The Scent of Honeysuckle


I walk down the street in my neighborhood when I’m stopped in my tracks by the scent of honeysuckle. Suddenly I am that magical age of six, running through the secret passage between a honeysuckle hedge and neighbor’s fence back in Murray, Kentucky. Honeysuckle always does that to me, but these days, in Chicagoland, the scent of honeysuckle is much more elusive. Most of the varieties of honeysuckle that grow this far north aren’t fragrant, though I occasionally catch a drift of the scent.

I think about other gardens I’ve been in throughout the years. Last summer we spent 10 days in a house on a cliff on the coast of Spain. The garden was filled with edenic trees: orange and lemon, honeysuckle, jasmine. In the thick night air the fragrances would come alive, particularly the jasmine, whose potent, exotic fragrance transported me to places I’d never been. Every night I would go out to the garden to drink in the fragrance, hoping it would somehow stay with me. In some ways the memory of it did help to pass the long, bitterly cold winter that followed. Scents have a way of transporting us back to distant memories in a way that no
other sense does. But it’s also the most difficult to conjure; while we can bring up images or sounds in our minds, it’s much more difficult to bring up scents. But as I walk down the street drinking in the fragrance of an early summer evening, I realize that while I can’t bring past fragrances to my nose, I can still remember the feeling they brought. Just remembering the jasmine brings me back to that garden in Nerja for a moment and I feel a deep-down gladness for having gotten to be there at one moment time.

Back to the present. We’re constantly in the process of reliving memories and adding new ones. I think about being in the yard with my daughter a few weeks ago. I was pushing her on the swing; she was laughing and I could sense in her that exhilarating swing feeling of flying and freedom. The last few blooming lilacs wafted over to us and filled the air for a moment. I drank it in, storing the scent in my memory bank. And it occurred to me that just maybe, decades from now, she’ll be walking down the street when the scent of lilac will bring her back to a perfect early summer day, flying high in a swing and laughing with her mom.

June 2014

Friday, October 6, 2017

Birthdays are always wistful

I'm getting ready for Nick's birthday, pulling out decorations, getting the gifts together to wrap, cleaning house.  This yearly ritual makes me feel so close to my mom and grandmother.  I'll put his gifts on the same bar/dining cart that my mom always used, that my parents received as a wedding gift.  I'll think of birthdays and Christmases we celebrated in Germany, and how Oma always put my gifts on her bar cart.  Those little details are a thread that goes through time and connects us all.

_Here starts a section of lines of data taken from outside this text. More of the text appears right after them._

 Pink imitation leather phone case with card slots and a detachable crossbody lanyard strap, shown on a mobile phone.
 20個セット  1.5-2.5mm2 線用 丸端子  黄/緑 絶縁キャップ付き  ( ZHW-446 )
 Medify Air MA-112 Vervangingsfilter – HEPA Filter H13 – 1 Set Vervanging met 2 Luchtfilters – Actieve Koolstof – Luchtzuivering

I'll use some of the same wooden birthday decorations that my mom used for my birthdays, as well as ones I bought for Nick's very first birthday.  I'll think of all the birthdays they were used for, including Alex's bittersweet first birthday, a month after my mom died.

Tonight my dad and I will stay up late doing last minute preparations.  We'll share stories and memories and analyze the past, present, and future.  We'll have a glass of port.  Someday that will be another tradition that I will remember and carry on.  I'll go to bed feeling blessed that my dad and I can share these moments, and that I have a dad who helps me find the meaning in all of it.

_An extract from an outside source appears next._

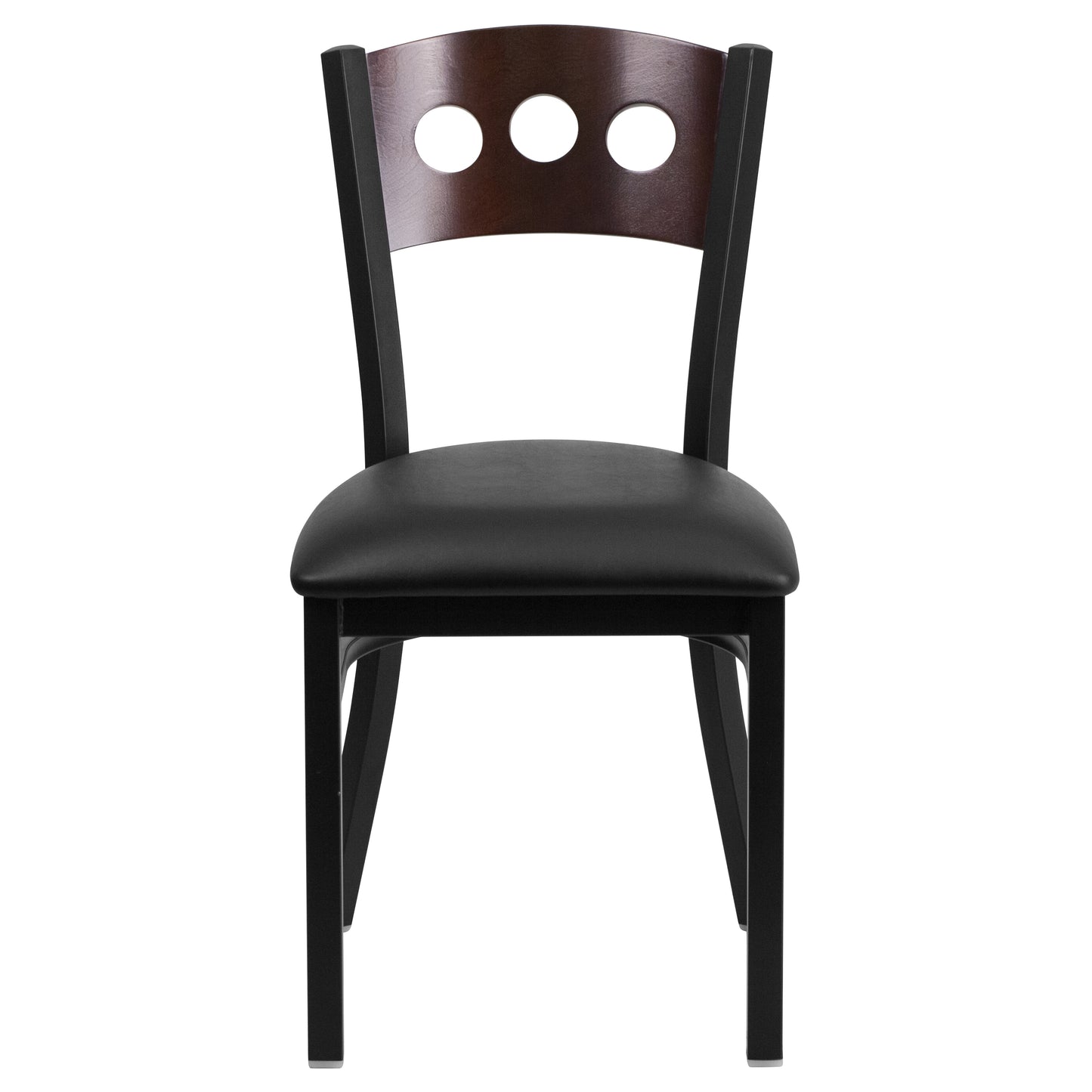 HERCULES Series Black 3 Circle Back Metal Restaurant Chair - Walnut Wood Back, Black Vinyl Seat Walnut Wood Back/Black Vinyl Seat/Black Metal Frame XU-DG-6Y2B-WAL-BLKV-GG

My mom would be over the moon proud of Nick for his love and understanding of history, culture, current events, and so on.  All the things she hoped I'd be interested in, he is passionate about.  So just now as I was leafing through the newest Winston Churchill biography, Hero of the Empire: The Boer War, a Daring Escape, and the Making of Winston Churchill, that I got for Nick as a birthday gift, all I could think was how much I hope that wherever her spirit is, she knows and sees and feels glad.

And just like every year, I cry a little bit at her loss and the memories.  They're cathartic tears.  In our everyday life there isn't the time or the need for tears anymore.  We've grown, and we've grown used to her absence.  We now get to choose the parts of her that we want our lives to reflect.  So a few times a year it feels really good to feel flooded by memories and emotion.

Tomorrow is Nick's birthday.  We'll miss my mom, but it will be ok and we'll have a terrific day.  I'm so grateful that she taught me how to make life meaningful, how to accept sadness, and how to celebrate with abundant joy.  Today I'll let myself feel a little sad, and tomorrow I'll wake up with joy in my heart as my son turns eleven years old.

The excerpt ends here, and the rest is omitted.